NEW YORK, May 28 (Reuters) - Allison Armour loves fashion, but doesn't need to keep it in her closet.

The 24-year-old frequents privately-held chain Crossroads Trading Co, where she buys brand-name goods secondhand at a discount, then sells the items back when she wants to refresh her look.

Armour, a marketing manager for a nonprofit in Oakland, California, has picked up skirts and shirts, Oxford shoes for $30, a J.Crew trench coat for $40 and a Dooney & Bourke satchel for $150, less than half its retail price. "When I get tired of certain things, I put them aside and sell them back," she said.

For Millennials - the roughly 77 million Americans born between about 1980 and 2000 - the allure of "no ownership" is moving beyond housing and cars.

A new industry based on sharing or renting clothing, electronics and small appliances is springing up from nothing about five years ago, posing a disruptive force to traditional retailers.

Battered by student loan debt and the Great Recession, Millennials place less emphasis on owning and more on sharing, bartering and trading to access coveted goods.
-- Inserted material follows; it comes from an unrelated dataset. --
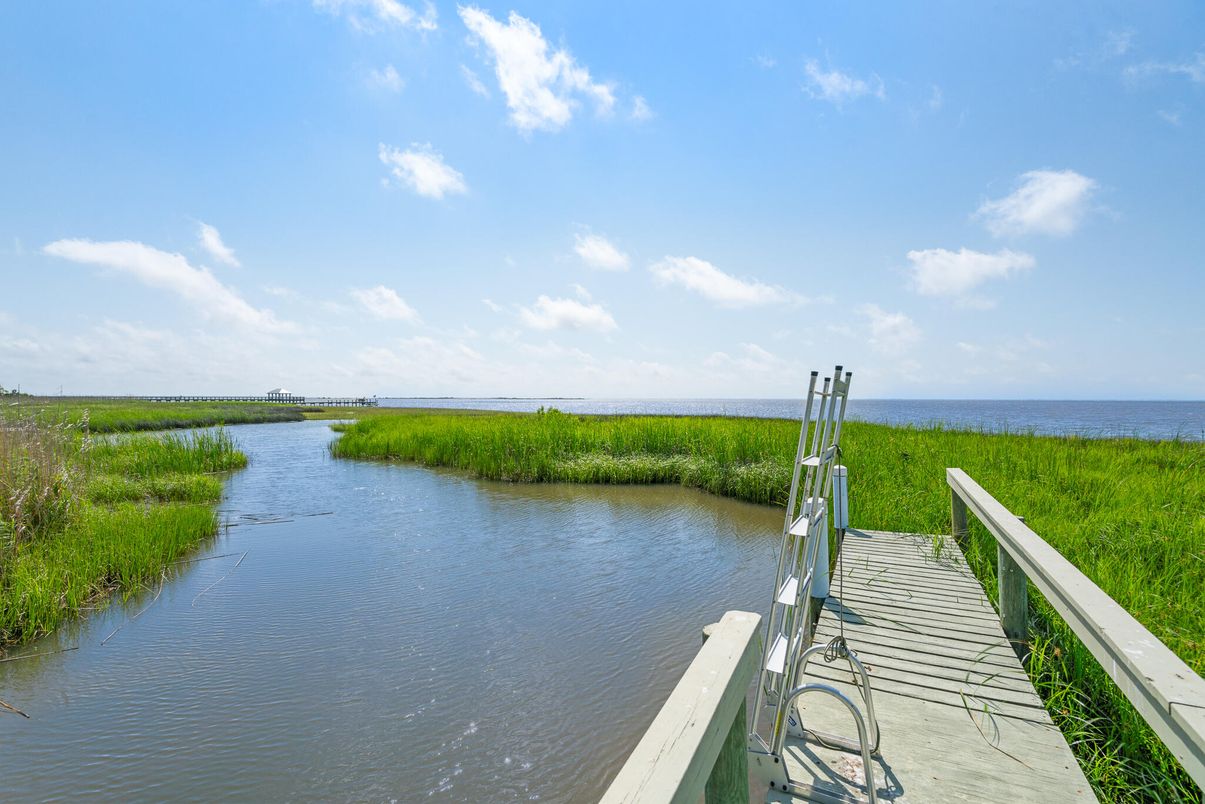 Exterior, Lake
These behaviors have propelled businesses such as car rental service Zipcar, taxi service Uber and home rental site Airbnb.
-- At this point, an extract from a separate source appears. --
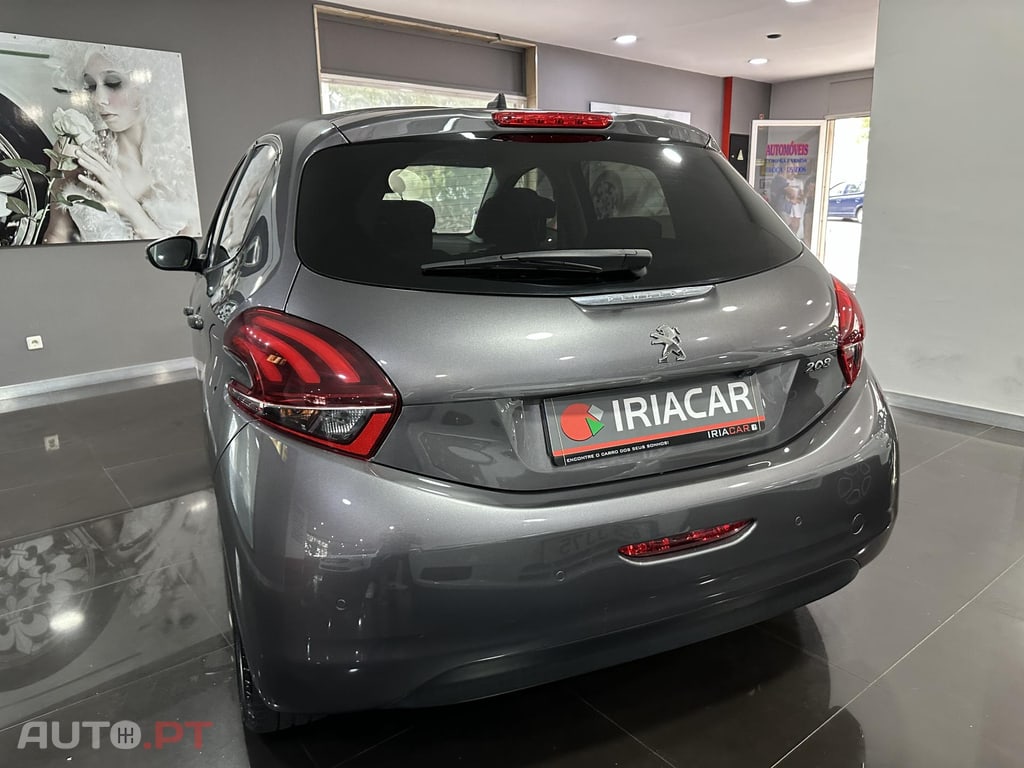 Peugeot 208 1.2 PureTech Signature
What Millennials do buy, and keep, is their smartphones. About 85 percent of people aged 18 to 34 own them, according to Nielsen research, and the devices are the doorway to the sharing economy.

Now these "NOwners," as Jamie Gutfreund, chief marketing officer for Deep Focus, calls them, are propelling a new wave of privately-held companies such as children's resale marketplaces Kidizen and Yerdle, which allow customers to swap or buy smaller-ticket items like used clothes and household goods. Deep Focus does market research on youth trends.
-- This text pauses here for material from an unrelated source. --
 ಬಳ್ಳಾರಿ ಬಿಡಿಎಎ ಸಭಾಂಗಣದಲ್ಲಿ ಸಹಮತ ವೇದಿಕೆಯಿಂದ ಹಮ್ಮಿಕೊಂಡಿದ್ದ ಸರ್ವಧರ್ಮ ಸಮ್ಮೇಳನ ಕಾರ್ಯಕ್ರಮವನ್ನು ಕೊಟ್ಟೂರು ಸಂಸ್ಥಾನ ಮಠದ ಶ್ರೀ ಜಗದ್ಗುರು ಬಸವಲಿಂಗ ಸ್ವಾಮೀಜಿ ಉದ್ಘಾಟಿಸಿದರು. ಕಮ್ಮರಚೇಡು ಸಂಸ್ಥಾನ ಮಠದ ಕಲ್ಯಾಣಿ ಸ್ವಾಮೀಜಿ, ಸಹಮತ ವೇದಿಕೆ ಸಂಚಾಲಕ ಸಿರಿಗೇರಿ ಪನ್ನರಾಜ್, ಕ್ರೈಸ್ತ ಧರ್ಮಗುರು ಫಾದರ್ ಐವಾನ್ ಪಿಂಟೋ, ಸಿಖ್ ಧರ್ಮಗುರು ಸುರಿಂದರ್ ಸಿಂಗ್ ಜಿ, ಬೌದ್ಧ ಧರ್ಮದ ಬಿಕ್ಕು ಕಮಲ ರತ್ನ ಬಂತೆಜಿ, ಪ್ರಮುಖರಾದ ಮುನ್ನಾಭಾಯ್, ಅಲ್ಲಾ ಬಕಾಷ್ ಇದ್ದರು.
While their parents may have frequented thrift stores to save money, Millennials who have the income to buy new goods also see sharing and re-using as a way to promote environmental benefits such as reducing landfill waste.

"Instead of paying for something and getting rid of it with no value when you are done - swap and resale gives Millennials the ability to extend the value," Gutfreund said. "It's efficient and it's green."

Indeed, 59 percent of Crossroads shoppers said "being an environmentally friendly way to shop" was one of their favorite things about the store.

"A lot of people can't afford the timeless brands new but they still appreciate the quality," said Erin Wallace, director of marketing for Crossroads Trading and its sister store Fillmore & 5th, which has opened six boutiques since 2012.